### Task to complete
When you copy the records that follow, please keep every word exactly as it is and leave out the pictures.

### Exercise input
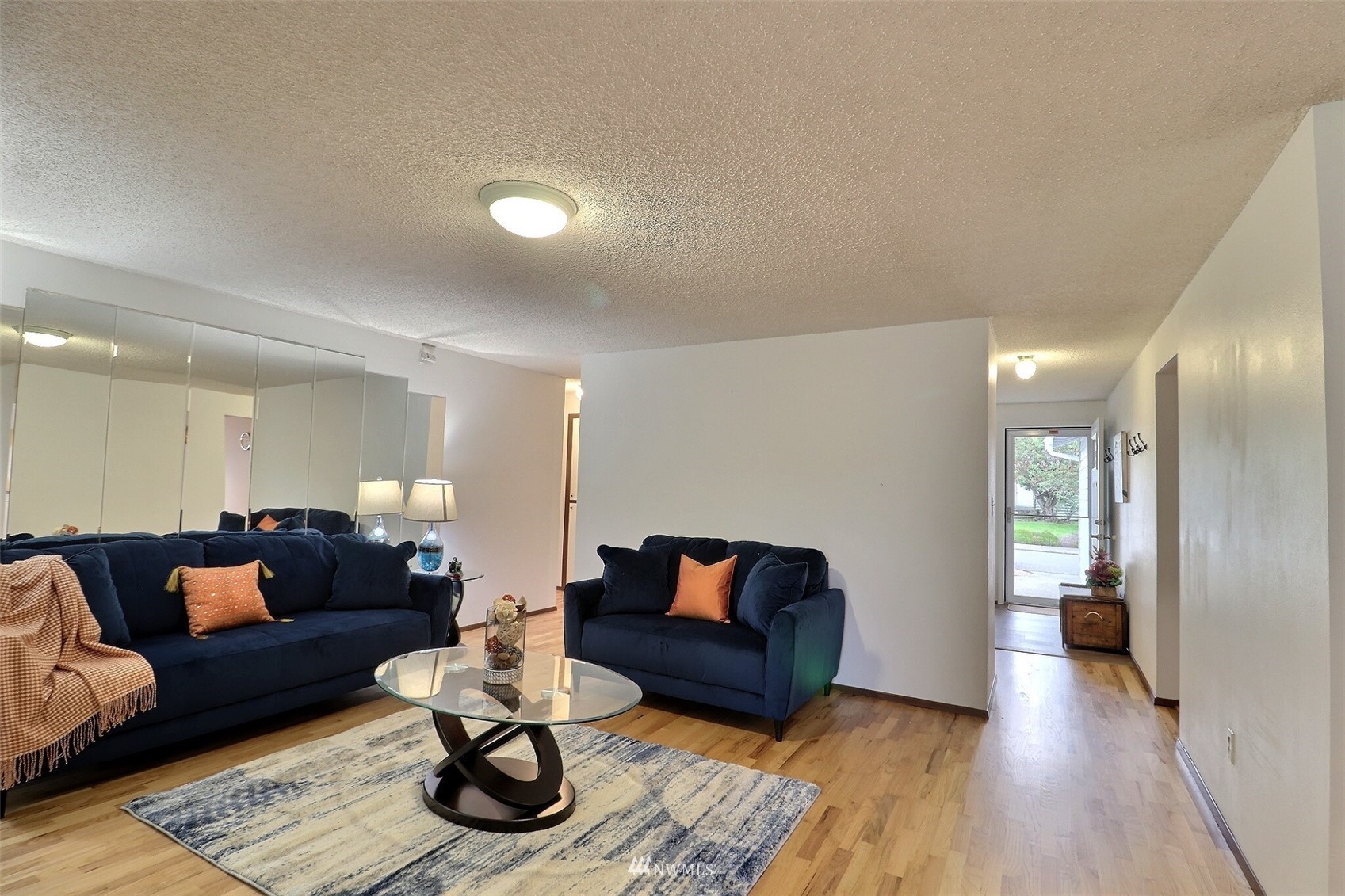 17234 139th Place Southeast Renton, WA 98058 - Photo 7 of 36 a living room with furniture and wooden floor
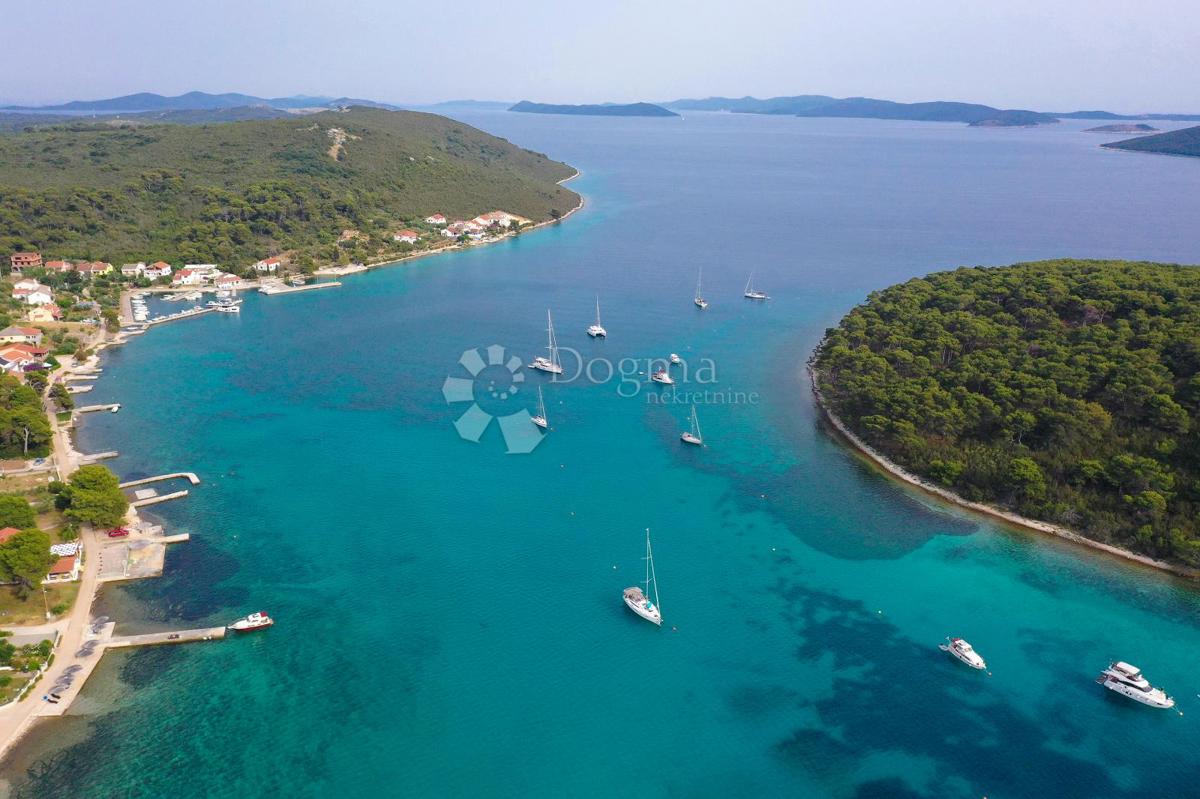 SREDOZEMSKI BISER NA OTOKU MOLATU - DVOJNA HIŠA Z VELIKIM TURISTIČNIM POTENCIALOM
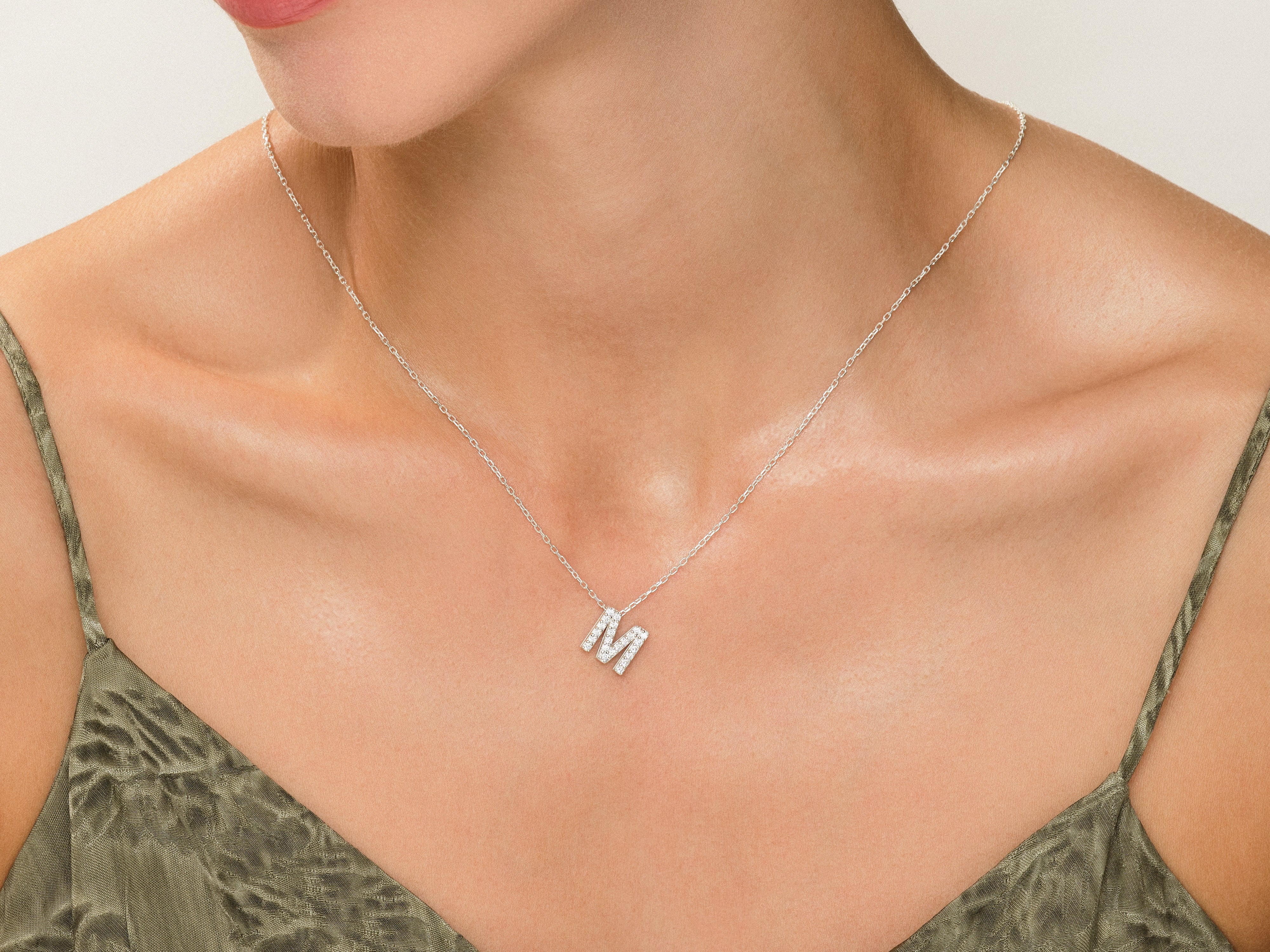Diamond initial 'M' necklace on a woman's neck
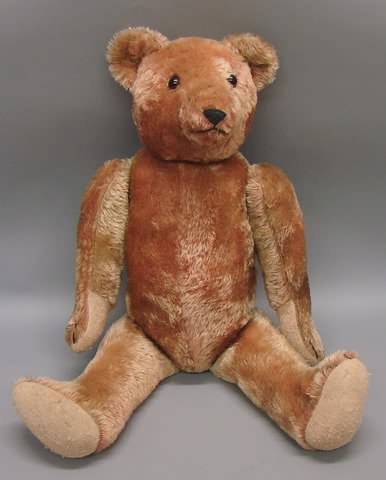 Appraisal: Vintage rose pink mohair bear Brown glass eyes elongated snout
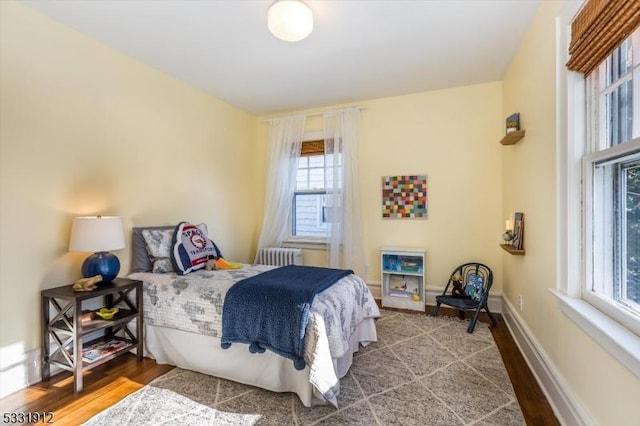 bedroom featuring radiator heating unit and hardwood / wood-style floors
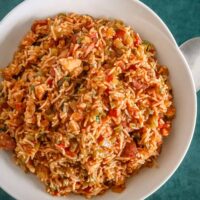 A serving bowl of Instant Pot jambalaya with chicken and spicy sausage.
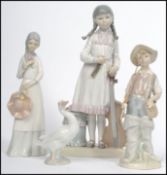 A group of three Lladro ceramic figures to include a Goose, boy with fishing rod and a girl with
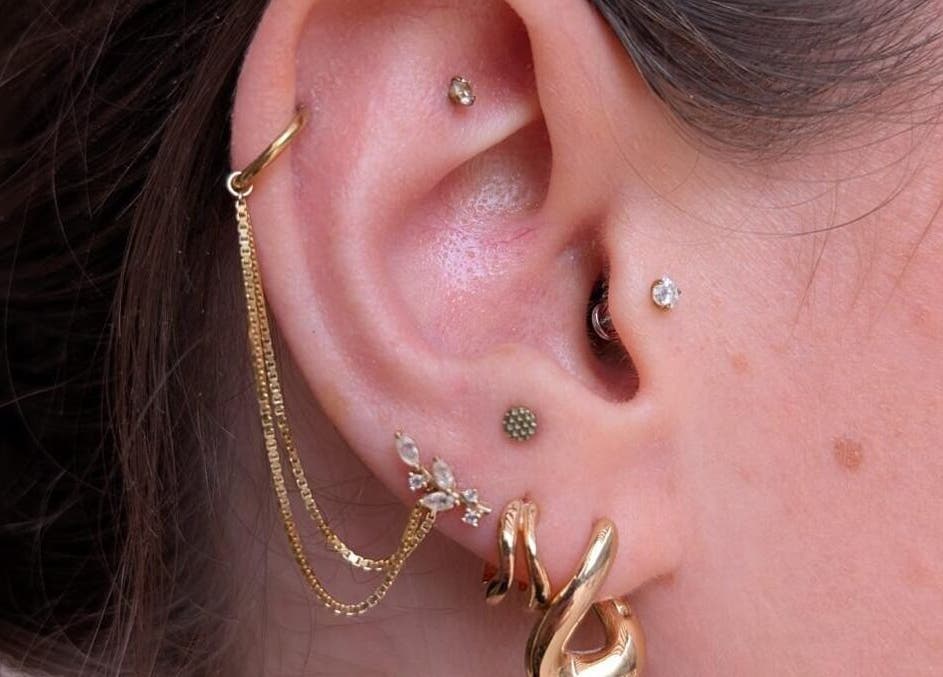 Close-up of ear piercings at Black Abbey Tattoo and Piercing, Glasgow, Scotland, GB with gold earrings.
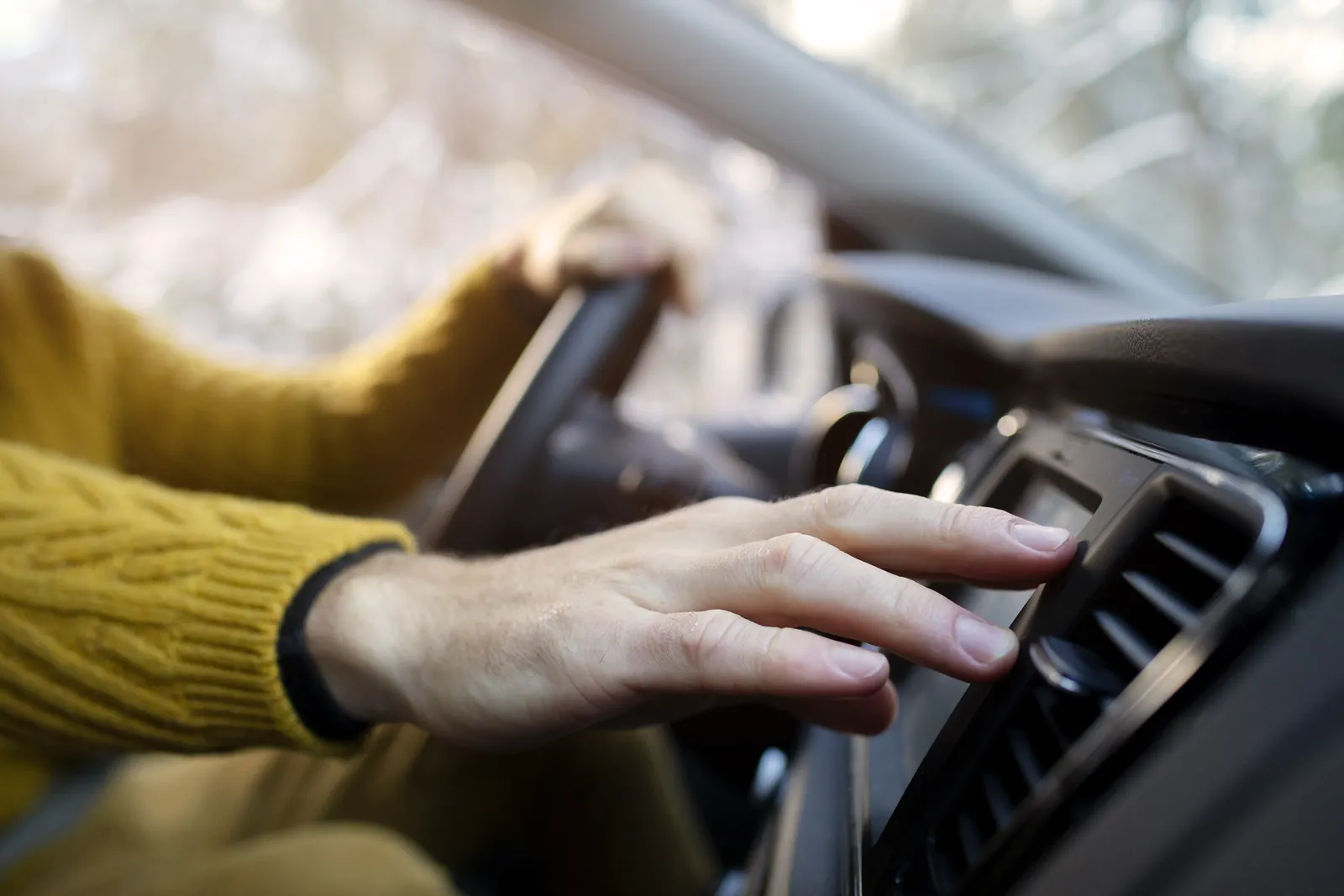 Close-up of hand holding steering wheel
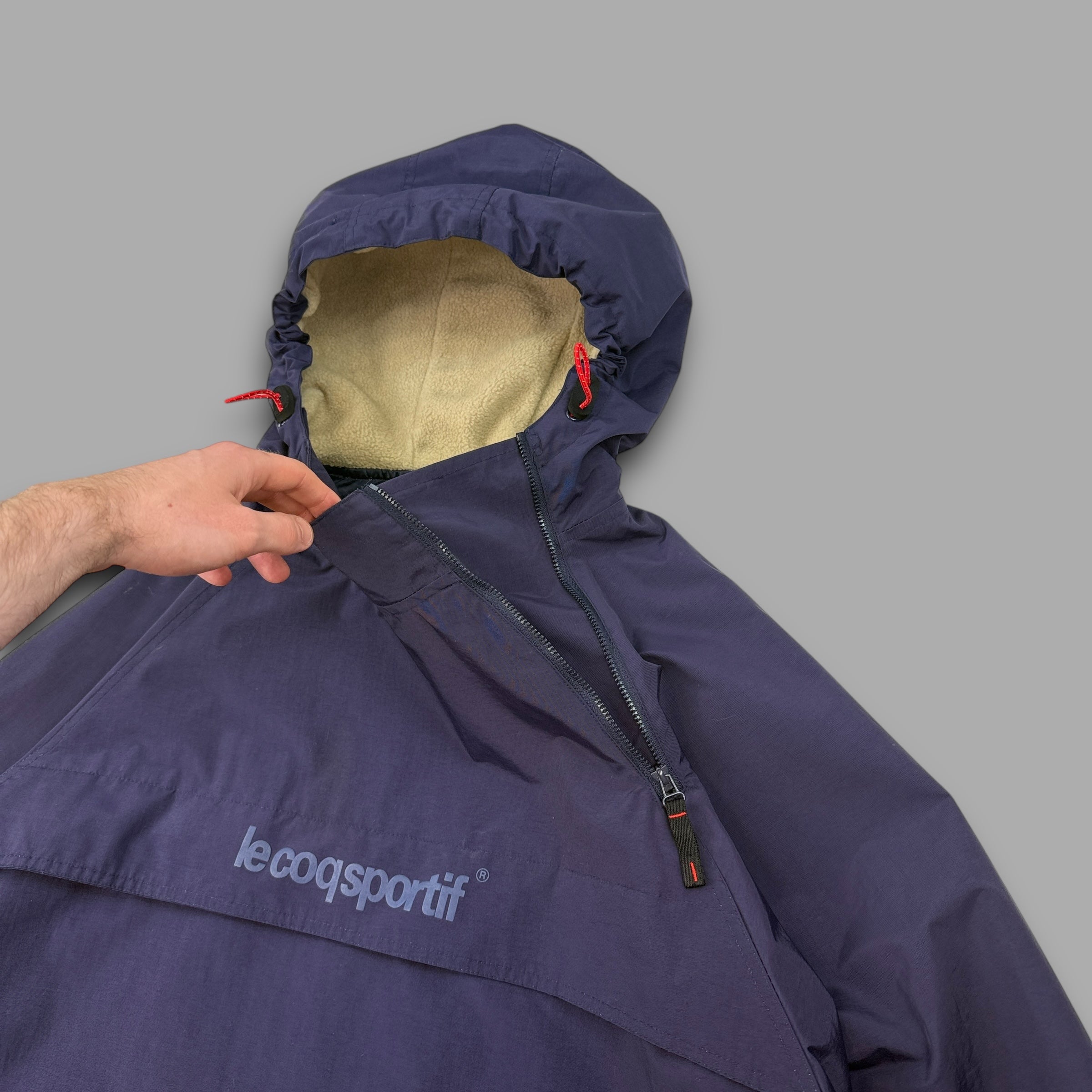 Le coq sportif 2000's technical asymmetrical zip pullover windbreaker (XL)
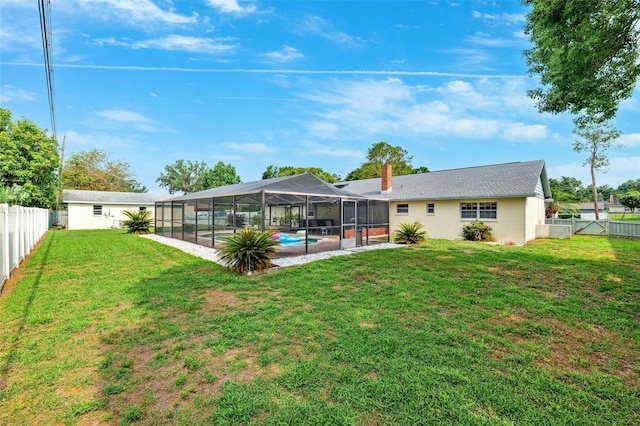 2013 Capri Rd, Valrico, FL 33594 - back of property with a chimney, a patio, and glass enclosure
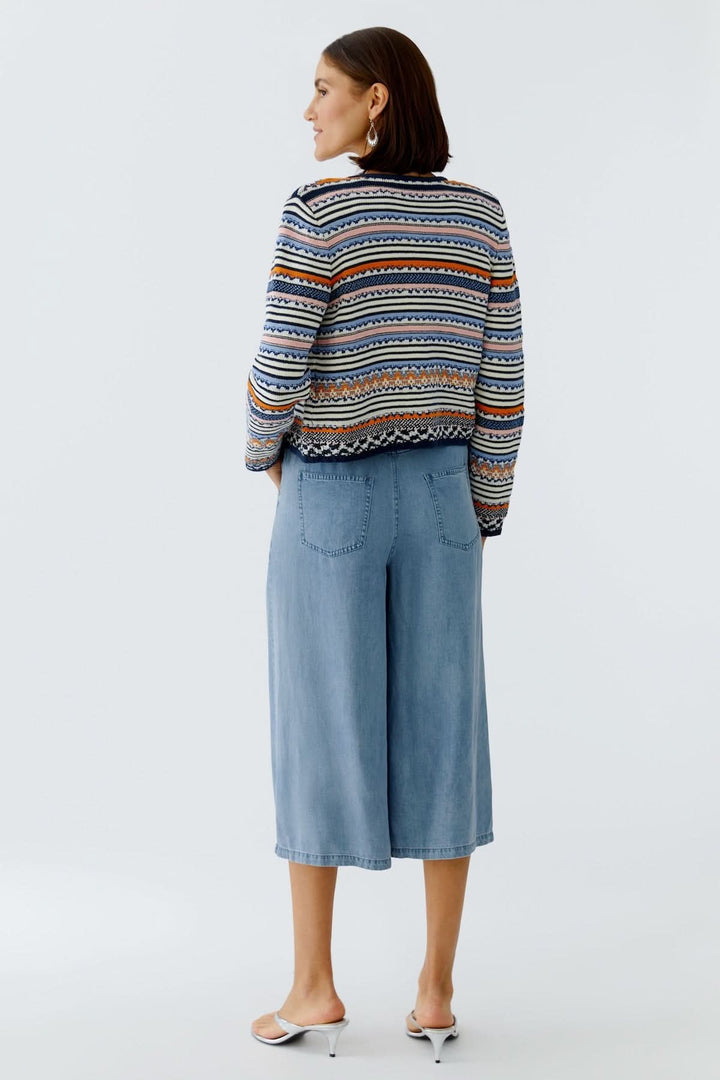 Femme portant une Veste tricot à motifs jacquard boutonnée élégante et originale, vue de dos, avec des motifs raffinés et colorés.
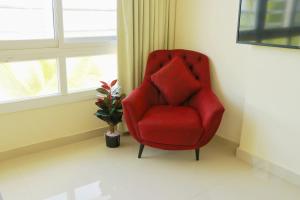 a red chair sitting in a room next to a window at ALmansor furnished Apartment 1 in Salalah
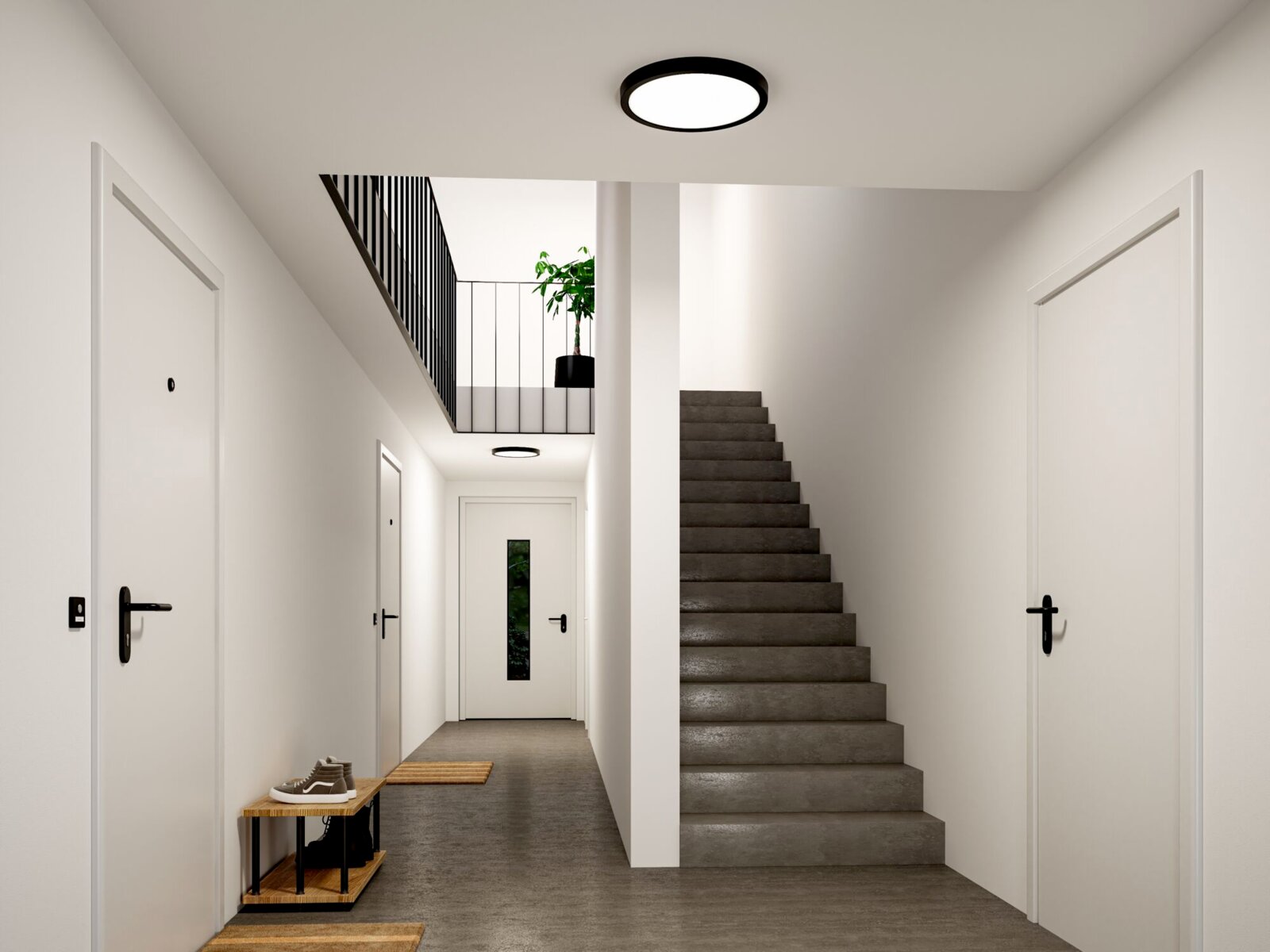 Moderne runde LED-Deckenleuchte mit schwarzem Rahmen in einem hellen Flur mit Treppe, Ansicht von unten nach oben (Untersicht)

### Result of this exercise
 17234 139th Place Southeast Renton, WA 98058 - Photo 7 of 36 a living room with furniture and wooden floor
 SREDOZEMSKI BISER NA OTOKU MOLATU - DVOJNA HIŠA Z VELIKIM TURISTIČNIM POTENCIALOM
Diamond initial 'M' necklace on a woman's neck
 Appraisal: Vintage rose pink mohair bear Brown glass eyes elongated snout
 bedroom featuring radiator heating unit and hardwood / wood-style floors
 A serving bowl of Instant Pot jambalaya with chicken and spicy sausage.
 A group of three Lladro ceramic figures to include a Goose, boy with fishing rod and a girl with
 Close-up of ear piercings at Black Abbey Tattoo and Piercing, Glasgow, Scotland, GB with gold earrings.
 Close-up of hand holding steering wheel
 Le coq sportif 2000's technical asymmetrical zip pullover windbreaker (XL)
 2013 Capri Rd, Valrico, FL 33594 - back of property with a chimney, a patio, and glass enclosure
 Femme portant une Veste tricot à motifs jacquard boutonnée élégante et originale, vue de dos, avec des motifs raffinés et colorés.
 a red chair sitting in a room next to a window at ALmansor furnished Apartment 1 in Salalah
 Moderne runde LED-Deckenleuchte mit schwarzem Rahmen in einem hellen Flur mit Treppe, Ansicht von unten nach oben (Untersicht)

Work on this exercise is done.